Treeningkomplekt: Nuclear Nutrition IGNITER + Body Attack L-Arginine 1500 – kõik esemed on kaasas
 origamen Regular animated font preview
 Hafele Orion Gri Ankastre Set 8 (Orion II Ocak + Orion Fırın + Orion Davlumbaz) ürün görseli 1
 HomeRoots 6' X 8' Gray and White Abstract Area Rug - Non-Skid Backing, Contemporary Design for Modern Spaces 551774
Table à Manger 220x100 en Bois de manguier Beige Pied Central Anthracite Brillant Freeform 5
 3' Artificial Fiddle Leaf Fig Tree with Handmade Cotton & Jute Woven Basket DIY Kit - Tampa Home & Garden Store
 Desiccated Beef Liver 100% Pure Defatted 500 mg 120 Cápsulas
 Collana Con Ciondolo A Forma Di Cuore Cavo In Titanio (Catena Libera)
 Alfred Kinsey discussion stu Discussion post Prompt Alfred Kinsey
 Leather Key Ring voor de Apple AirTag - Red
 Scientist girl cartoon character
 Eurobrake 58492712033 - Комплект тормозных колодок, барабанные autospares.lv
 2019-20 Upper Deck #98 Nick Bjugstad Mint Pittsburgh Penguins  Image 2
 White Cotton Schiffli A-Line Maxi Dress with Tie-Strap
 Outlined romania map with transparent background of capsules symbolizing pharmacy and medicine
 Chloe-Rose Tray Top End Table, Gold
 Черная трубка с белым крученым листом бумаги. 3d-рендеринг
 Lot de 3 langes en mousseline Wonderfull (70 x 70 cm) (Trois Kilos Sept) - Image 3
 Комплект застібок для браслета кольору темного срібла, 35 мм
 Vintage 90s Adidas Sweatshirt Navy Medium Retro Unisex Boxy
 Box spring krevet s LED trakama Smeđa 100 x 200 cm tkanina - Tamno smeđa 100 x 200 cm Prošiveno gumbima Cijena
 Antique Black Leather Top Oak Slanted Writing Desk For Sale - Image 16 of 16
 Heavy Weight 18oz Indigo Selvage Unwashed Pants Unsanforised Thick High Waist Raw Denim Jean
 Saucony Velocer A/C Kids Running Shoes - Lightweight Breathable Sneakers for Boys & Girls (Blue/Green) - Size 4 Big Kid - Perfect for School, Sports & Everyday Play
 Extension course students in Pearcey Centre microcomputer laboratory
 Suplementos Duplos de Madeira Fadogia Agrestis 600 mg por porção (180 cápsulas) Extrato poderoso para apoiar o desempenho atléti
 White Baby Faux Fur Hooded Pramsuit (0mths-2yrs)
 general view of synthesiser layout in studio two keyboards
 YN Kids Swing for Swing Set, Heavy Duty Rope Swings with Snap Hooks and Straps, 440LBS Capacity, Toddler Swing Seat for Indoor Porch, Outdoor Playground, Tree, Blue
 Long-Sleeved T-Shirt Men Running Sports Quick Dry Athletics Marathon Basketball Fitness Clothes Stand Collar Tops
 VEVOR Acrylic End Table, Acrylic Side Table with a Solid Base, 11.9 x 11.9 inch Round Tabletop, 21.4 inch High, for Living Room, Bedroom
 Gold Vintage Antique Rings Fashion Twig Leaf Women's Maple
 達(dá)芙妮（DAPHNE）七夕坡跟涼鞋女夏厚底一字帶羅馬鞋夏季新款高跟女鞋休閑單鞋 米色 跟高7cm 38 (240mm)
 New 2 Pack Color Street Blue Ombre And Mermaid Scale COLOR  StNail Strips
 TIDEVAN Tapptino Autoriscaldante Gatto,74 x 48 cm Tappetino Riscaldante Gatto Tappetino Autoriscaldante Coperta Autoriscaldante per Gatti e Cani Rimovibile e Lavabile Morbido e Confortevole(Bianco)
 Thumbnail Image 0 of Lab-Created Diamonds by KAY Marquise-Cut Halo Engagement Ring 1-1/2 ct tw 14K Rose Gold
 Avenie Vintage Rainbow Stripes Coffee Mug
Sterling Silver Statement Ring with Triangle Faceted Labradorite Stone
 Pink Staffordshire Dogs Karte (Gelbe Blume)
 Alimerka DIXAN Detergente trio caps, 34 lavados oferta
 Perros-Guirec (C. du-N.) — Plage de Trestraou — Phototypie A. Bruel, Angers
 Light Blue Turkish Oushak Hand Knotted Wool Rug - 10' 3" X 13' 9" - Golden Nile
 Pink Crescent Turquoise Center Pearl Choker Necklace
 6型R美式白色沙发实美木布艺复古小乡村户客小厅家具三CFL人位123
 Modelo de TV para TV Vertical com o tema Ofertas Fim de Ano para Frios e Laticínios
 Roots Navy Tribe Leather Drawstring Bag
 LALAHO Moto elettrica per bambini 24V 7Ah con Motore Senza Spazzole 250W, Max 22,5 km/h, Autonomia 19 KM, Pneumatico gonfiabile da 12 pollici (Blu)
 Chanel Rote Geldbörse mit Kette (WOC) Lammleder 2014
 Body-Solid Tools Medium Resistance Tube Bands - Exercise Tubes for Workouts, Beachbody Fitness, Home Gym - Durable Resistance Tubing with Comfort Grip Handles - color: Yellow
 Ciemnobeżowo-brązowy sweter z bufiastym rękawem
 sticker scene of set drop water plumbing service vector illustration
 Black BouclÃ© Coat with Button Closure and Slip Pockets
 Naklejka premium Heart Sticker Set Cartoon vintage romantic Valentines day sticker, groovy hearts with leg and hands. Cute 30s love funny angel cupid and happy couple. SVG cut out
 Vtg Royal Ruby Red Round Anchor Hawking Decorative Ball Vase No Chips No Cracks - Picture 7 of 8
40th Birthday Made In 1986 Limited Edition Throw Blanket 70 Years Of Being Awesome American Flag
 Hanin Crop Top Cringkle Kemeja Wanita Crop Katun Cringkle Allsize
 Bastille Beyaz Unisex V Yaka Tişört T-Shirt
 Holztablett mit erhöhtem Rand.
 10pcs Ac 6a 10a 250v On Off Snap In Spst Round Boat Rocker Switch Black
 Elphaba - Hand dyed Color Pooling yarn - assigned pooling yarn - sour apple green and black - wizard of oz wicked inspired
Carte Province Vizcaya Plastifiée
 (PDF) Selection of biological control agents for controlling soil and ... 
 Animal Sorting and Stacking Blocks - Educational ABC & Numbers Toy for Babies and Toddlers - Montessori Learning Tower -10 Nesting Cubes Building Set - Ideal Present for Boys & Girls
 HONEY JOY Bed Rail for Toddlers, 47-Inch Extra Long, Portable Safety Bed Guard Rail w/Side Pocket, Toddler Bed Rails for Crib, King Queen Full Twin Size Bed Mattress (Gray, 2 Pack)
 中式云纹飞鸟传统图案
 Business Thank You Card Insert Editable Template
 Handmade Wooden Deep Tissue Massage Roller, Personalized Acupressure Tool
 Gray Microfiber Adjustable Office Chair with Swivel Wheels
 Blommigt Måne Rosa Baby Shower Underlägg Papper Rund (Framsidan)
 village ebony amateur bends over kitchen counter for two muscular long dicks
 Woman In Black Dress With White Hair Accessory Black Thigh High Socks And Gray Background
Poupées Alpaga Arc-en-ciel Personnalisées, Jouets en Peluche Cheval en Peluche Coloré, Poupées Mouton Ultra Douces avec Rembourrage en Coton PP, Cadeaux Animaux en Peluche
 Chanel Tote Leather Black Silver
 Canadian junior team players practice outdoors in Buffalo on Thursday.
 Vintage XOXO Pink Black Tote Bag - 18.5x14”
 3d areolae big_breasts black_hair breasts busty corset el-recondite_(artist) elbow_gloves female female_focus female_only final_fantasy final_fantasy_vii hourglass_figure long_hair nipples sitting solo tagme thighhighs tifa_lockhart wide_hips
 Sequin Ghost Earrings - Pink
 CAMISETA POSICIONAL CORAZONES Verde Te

--- --- ---

→ GOAL OF THE EXERCISE
From the records above, repeat exactly the lines from the one with "達(dá)芙妮（DAPHNE）七夕坡跟涼鞋女夏厚底一字帶羅馬鞋夏季新款高跟女鞋休閑單鞋 米色 跟高7cm" through the one with "Pink Staffordshire Dogs Karte (Gelbe Blume)", both included.

→ SOLUTION FOR THIS EXERCISE
 達(dá)芙妮（DAPHNE）七夕坡跟涼鞋女夏厚底一字帶羅馬鞋夏季新款高跟女鞋休閑單鞋 米色 跟高7cm 38 (240mm)
 New 2 Pack Color Street Blue Ombre And Mermaid Scale COLOR  StNail Strips
 TIDEVAN Tapptino Autoriscaldante Gatto,74 x 48 cm Tappetino Riscaldante Gatto Tappetino Autoriscaldante Coperta Autoriscaldante per Gatti e Cani Rimovibile e Lavabile Morbido e Confortevole(Bianco)
 Thumbnail Image 0 of Lab-Created Diamonds by KAY Marquise-Cut Halo Engagement Ring 1-1/2 ct tw 14K Rose Gold
 Avenie Vintage Rainbow Stripes Coffee Mug
Sterling Silver Statement Ring with Triangle Faceted Labradorite Stone
 Pink Staffordshire Dogs Karte (Gelbe Blume)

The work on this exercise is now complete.